**Exercise prompt**
Copy out exactly the lines below that run from the one holding "Οι αόρατες σοκαριστικές" to the one holding "Anti-AKTIP antibody produced in rabbit", keeping both of those lines and no others.

**Given information**
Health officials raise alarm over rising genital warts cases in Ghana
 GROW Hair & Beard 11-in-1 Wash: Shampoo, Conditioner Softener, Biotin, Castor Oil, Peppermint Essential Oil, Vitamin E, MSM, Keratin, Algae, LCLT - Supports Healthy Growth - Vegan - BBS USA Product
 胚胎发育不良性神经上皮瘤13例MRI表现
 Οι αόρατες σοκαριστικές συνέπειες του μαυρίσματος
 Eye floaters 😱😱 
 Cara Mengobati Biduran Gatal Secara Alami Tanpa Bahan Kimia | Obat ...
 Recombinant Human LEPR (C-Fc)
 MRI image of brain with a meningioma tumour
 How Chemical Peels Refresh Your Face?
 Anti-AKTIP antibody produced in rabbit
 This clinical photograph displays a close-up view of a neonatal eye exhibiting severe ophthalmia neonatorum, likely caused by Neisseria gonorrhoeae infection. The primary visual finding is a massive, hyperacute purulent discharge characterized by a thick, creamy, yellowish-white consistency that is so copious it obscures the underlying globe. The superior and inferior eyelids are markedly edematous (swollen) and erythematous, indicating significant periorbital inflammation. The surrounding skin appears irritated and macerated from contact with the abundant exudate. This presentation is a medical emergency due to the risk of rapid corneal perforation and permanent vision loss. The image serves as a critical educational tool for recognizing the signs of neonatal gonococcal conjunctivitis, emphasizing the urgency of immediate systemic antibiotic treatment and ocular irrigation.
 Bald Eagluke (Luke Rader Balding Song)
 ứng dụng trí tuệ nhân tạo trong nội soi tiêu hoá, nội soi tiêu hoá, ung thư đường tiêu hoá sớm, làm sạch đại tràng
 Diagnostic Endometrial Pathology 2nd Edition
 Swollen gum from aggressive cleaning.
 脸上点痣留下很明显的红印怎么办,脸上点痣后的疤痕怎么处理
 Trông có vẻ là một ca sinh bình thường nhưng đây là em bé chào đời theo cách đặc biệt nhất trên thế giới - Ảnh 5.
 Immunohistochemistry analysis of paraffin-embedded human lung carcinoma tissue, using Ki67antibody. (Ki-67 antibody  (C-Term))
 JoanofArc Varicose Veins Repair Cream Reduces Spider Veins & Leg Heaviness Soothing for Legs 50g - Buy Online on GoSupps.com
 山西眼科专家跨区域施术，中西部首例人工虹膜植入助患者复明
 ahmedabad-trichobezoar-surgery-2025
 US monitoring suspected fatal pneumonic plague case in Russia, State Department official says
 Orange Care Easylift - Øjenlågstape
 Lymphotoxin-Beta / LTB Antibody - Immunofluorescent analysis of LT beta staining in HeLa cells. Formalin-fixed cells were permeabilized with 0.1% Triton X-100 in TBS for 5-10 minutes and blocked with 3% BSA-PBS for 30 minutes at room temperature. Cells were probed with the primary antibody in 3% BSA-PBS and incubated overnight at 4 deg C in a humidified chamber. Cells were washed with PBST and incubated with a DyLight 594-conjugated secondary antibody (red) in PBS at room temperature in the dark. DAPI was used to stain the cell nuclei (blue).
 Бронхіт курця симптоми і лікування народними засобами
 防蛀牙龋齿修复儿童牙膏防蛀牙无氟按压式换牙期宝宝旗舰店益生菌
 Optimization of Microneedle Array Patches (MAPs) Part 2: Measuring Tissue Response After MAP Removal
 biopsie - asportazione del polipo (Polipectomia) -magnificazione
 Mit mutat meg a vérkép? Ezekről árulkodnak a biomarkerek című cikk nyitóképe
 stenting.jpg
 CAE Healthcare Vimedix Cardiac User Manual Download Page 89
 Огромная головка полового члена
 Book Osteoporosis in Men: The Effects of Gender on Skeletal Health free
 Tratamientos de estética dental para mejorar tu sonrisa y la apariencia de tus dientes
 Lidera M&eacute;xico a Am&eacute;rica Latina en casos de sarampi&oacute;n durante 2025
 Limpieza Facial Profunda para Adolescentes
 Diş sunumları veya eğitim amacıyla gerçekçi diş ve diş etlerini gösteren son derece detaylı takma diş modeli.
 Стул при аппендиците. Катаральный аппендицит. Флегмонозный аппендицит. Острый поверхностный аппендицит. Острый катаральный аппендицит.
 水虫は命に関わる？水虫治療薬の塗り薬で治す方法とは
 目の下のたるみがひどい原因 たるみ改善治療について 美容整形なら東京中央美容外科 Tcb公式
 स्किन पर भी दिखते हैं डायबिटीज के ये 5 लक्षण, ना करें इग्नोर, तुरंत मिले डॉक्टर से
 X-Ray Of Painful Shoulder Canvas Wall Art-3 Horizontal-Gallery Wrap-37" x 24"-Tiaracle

**Response area**
 Οι αόρατες σοκαριστικές συνέπειες του μαυρίσματος
 Eye floaters 😱😱 
 Cara Mengobati Biduran Gatal Secara Alami Tanpa Bahan Kimia | Obat ...
 Recombinant Human LEPR (C-Fc)
 MRI image of brain with a meningioma tumour
 How Chemical Peels Refresh Your Face?
 Anti-AKTIP antibody produced in rabbit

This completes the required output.